By David Robinson
A new superyacht alliance, South Pacific Superyachting, has been created to promote regional cruising in Australia, New Zealand, Fiji and Tahiti. The new group, which was highlighted at the recent ASMEX conference, recognises cooperation initiatives that were already in place between the four countries.
Formed by NZ Marine, Port Denarau Marina in Fiji, Tourism Tahiti and Superyacht Australia, the new group is part of a wider vision to promote the whole of Asia Pacific as the third superyacht cruising area after the Med and Caribbean. The initiative was launched at the annual Superyacht Australia Tahiti Rendezvous at Marina Taina last week, with the key objective of attracting more superyachts to the region.
In a press statement the new organisation said: “With most yachts which cruise the Pacific exploring multiple of the region’s island nations, South Pacific Superyachting provides one touch-point for the captain, owner’s rep or management house to plan the yacht’s time in the South Pacific.”
Nigel Skeggs of Port Denarau Marina in Fiji says: “Working as a cohesive unit to move yachts through the South Pacific is a step that will produce real benefit for the superyacht, marine and tourism industries within the region. With well-established routes and clear communication on how to best make the most of the region, yachts will circulate more, stay longer and – crucially – entertain more guests during their time in the region. And that means tangible benefits for the regions’ economies and a rapidly developing, adventurous new cruising ground for the global fleet to discover.”
NZ Marine CEO Peter Busfield, who initiated the project alongside Tourism NZ, says: “Joining forces to market the region as one cruising destination was the logical step forward for the South Pacific nations. The region has everything a yacht requires from cruising grounds – on-land entertainment and world-class boatbuilding and refit facilities.”
“Destinations within the region have all worked hard to promote their own cruising grounds, and as a by-product of that promotion, the greater region,” adds Maryanne Edwards, CEO of Superyacht Australia. “The four countries offer sheltered coves, ports, superyacht marinas and of course thousands of unpopulated islands and beaches for yacht owners, family and friends to enjoy.”
The governments of the four major Pacific countries now have user-friendly rules that allow yachts to stay longer in each country, and passage from one country to the other is as simple as possible. The South Pacific also offers something of tangible value to charter yachts – an exciting, relatively untouched and very desirable location to add to their marketing mix. This is something that South Pacific Superyachting will help them to achieve.
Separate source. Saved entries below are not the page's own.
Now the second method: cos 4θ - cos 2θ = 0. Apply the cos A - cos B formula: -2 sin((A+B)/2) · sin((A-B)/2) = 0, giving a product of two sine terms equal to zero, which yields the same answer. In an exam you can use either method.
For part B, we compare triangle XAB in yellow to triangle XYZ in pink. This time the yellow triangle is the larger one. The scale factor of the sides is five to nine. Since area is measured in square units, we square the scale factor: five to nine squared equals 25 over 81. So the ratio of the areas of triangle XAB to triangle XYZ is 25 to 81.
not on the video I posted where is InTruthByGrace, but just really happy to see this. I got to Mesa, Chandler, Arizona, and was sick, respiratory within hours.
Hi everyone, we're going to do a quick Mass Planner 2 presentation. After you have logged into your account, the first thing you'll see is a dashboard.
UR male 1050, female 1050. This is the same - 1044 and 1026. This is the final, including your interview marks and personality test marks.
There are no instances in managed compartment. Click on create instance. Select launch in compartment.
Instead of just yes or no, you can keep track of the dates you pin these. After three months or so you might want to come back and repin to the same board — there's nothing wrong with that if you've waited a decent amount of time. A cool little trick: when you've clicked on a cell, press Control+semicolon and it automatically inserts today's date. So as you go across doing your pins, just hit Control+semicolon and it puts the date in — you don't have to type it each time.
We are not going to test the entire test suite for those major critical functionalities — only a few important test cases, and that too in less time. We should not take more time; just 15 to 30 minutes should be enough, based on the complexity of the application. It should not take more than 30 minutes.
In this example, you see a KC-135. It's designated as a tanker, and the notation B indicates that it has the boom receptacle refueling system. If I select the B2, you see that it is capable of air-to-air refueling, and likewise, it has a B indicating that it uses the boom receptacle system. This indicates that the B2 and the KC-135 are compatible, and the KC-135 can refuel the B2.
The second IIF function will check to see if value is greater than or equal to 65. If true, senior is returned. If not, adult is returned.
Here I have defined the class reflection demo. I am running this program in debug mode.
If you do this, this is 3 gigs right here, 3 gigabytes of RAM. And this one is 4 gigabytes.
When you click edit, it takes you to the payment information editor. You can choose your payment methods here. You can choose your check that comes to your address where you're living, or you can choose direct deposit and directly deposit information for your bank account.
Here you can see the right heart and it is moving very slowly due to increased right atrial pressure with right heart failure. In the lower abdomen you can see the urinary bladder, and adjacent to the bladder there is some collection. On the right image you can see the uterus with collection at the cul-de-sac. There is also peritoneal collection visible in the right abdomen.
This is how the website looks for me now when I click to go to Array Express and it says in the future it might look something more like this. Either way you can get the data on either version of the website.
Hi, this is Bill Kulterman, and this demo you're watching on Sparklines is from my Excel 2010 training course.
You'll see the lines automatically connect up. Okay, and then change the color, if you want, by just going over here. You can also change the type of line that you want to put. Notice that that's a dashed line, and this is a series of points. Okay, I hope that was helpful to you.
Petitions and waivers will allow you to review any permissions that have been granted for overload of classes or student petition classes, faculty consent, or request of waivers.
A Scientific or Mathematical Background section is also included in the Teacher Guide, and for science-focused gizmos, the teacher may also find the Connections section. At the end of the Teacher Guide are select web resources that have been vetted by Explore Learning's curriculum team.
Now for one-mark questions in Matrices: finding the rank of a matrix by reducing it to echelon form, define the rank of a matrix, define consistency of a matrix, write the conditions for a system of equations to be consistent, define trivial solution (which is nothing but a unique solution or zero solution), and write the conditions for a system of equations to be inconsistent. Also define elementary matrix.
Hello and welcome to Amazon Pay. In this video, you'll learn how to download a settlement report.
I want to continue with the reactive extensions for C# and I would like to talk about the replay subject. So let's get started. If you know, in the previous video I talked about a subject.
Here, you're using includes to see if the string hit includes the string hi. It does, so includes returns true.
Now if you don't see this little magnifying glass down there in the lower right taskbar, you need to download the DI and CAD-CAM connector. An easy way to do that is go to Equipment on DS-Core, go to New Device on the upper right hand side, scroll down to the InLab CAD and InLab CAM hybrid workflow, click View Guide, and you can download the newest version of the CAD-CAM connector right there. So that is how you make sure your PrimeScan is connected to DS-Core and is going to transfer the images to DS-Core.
“The plan for the marine industries of Australia, Fiji, New Zealand and the islands of Tahiti to collaborate in promoting the South Pacific as a destination for visiting superyachts is a great idea, in addition to each country’s own promotion to attract high net worth visitors from around the world,” says Tahiti Tourisme CEO Paul Sloan.
The goal of the group is to double the number of superyachts that currently visit the South Pacific annually and the number of days they spend in the region by 2018. Key to that aim is ensuring that the region holds strong appeal for both private and charter yachts, and that the parties involved are active in streamlining charter yacht entry laws between countries.